Set down exactly the lines below, from the one containing "How to make" through the final line, and include no others.

[Crawled caption data]
○ ○ ○ ○

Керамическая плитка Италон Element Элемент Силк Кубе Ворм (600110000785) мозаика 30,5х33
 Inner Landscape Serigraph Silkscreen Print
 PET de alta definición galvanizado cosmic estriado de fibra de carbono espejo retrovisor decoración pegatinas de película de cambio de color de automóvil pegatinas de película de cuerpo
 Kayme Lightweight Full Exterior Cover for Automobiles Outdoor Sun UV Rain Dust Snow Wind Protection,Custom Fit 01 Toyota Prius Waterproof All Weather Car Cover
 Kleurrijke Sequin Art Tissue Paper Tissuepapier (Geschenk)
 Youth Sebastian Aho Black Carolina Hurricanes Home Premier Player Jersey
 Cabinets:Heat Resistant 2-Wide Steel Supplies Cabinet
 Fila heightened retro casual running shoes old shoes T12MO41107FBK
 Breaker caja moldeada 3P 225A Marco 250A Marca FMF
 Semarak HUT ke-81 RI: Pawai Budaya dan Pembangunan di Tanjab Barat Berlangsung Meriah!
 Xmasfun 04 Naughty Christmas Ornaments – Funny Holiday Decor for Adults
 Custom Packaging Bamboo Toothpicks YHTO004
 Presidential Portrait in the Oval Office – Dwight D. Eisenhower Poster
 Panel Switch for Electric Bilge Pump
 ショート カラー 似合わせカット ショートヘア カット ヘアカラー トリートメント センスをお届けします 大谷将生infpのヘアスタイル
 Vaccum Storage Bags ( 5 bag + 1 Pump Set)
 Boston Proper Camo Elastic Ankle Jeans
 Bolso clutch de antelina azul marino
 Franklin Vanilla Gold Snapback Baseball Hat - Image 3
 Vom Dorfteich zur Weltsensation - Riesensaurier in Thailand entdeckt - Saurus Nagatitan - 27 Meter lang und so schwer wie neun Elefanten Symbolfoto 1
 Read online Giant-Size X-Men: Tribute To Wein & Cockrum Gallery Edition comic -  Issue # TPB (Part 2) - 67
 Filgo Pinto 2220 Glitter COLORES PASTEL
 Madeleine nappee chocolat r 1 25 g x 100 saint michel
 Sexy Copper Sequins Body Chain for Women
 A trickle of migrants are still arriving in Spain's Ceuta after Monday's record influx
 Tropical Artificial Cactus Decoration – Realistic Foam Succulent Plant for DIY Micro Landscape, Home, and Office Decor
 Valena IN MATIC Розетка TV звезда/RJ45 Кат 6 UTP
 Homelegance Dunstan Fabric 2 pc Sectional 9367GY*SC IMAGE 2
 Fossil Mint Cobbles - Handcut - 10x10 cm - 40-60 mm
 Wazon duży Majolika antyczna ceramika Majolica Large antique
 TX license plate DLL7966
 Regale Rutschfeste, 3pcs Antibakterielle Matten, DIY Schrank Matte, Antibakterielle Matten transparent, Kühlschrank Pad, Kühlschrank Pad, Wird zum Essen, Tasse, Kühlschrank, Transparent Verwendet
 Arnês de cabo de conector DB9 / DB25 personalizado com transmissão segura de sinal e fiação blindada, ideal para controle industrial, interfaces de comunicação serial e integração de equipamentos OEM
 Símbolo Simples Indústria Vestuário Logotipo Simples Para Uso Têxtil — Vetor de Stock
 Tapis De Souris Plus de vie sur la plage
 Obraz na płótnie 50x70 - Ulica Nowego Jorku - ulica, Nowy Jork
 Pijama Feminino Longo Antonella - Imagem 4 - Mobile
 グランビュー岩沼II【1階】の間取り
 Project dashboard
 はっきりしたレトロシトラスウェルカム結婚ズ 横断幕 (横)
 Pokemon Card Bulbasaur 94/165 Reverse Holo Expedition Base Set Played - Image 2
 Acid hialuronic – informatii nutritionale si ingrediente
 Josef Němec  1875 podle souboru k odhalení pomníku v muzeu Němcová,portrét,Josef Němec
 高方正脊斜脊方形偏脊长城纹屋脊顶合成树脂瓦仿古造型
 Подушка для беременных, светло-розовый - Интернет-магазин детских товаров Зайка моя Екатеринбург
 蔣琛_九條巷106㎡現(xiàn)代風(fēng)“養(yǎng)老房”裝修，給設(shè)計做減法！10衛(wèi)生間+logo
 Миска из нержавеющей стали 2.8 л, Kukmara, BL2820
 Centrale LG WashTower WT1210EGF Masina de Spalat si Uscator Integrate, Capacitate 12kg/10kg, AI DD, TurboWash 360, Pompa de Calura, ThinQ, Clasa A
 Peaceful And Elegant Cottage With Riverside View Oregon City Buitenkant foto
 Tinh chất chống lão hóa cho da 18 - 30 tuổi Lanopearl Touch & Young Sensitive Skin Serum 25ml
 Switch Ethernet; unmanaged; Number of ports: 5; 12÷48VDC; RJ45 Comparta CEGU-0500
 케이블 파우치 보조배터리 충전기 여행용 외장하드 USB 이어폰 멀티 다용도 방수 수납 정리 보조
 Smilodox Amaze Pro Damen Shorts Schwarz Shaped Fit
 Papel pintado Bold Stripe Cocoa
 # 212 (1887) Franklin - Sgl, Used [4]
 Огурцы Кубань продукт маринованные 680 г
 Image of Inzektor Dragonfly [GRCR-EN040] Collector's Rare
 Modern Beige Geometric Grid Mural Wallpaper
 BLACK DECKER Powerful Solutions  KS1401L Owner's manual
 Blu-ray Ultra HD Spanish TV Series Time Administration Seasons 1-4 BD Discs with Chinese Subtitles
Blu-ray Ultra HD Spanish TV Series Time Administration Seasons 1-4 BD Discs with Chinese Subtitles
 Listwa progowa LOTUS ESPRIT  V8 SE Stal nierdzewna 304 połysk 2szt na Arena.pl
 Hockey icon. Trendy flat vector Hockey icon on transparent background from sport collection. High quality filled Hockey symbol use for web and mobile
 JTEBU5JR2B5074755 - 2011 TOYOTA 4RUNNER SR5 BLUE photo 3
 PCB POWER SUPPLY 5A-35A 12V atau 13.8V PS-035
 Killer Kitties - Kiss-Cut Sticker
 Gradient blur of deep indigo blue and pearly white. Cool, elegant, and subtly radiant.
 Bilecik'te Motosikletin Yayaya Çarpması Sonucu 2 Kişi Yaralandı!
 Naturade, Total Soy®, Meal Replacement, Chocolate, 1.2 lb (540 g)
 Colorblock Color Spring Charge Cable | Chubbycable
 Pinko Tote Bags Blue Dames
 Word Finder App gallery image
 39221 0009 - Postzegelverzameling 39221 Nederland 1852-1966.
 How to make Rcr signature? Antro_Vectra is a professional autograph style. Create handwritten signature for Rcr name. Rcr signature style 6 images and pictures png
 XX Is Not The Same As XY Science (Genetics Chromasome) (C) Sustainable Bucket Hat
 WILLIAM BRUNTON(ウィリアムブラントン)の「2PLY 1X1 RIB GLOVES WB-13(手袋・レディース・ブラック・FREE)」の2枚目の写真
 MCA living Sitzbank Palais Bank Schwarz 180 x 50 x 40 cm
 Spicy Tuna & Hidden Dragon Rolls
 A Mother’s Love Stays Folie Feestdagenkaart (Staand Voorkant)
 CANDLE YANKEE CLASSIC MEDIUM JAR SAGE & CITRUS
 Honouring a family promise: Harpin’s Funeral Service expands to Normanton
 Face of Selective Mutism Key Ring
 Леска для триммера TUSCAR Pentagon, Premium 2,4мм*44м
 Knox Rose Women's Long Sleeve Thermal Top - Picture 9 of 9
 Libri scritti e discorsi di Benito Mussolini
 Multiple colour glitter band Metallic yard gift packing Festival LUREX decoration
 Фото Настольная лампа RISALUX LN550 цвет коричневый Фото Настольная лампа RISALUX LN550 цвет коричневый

○ ○ ○ ○

◆ **FINISHED EXERCISE**:
 How to make Rcr signature? Antro_Vectra is a professional autograph style. Create handwritten signature for Rcr name. Rcr signature style 6 images and pictures png
 XX Is Not The Same As XY Science (Genetics Chromasome) (C) Sustainable Bucket Hat
 WILLIAM BRUNTON(ウィリアムブラントン)の「2PLY 1X1 RIB GLOVES WB-13(手袋・レディース・ブラック・FREE)」の2枚目の写真
 MCA living Sitzbank Palais Bank Schwarz 180 x 50 x 40 cm
 Spicy Tuna & Hidden Dragon Rolls
 A Mother’s Love Stays Folie Feestdagenkaart (Staand Voorkant)
 CANDLE YANKEE CLASSIC MEDIUM JAR SAGE & CITRUS
 Honouring a family promise: Harpin’s Funeral Service expands to Normanton
 Face of Selective Mutism Key Ring
 Леска для триммера TUSCAR Pentagon, Premium 2,4мм*44м
 Knox Rose Women's Long Sleeve Thermal Top - Picture 9 of 9
 Libri scritti e discorsi di Benito Mussolini
 Multiple colour glitter band Metallic yard gift packing Festival LUREX decoration
 Фото Настольная лампа RISALUX LN550 цвет коричневый Фото Настольная лампа RISALUX LN550 цвет коричневый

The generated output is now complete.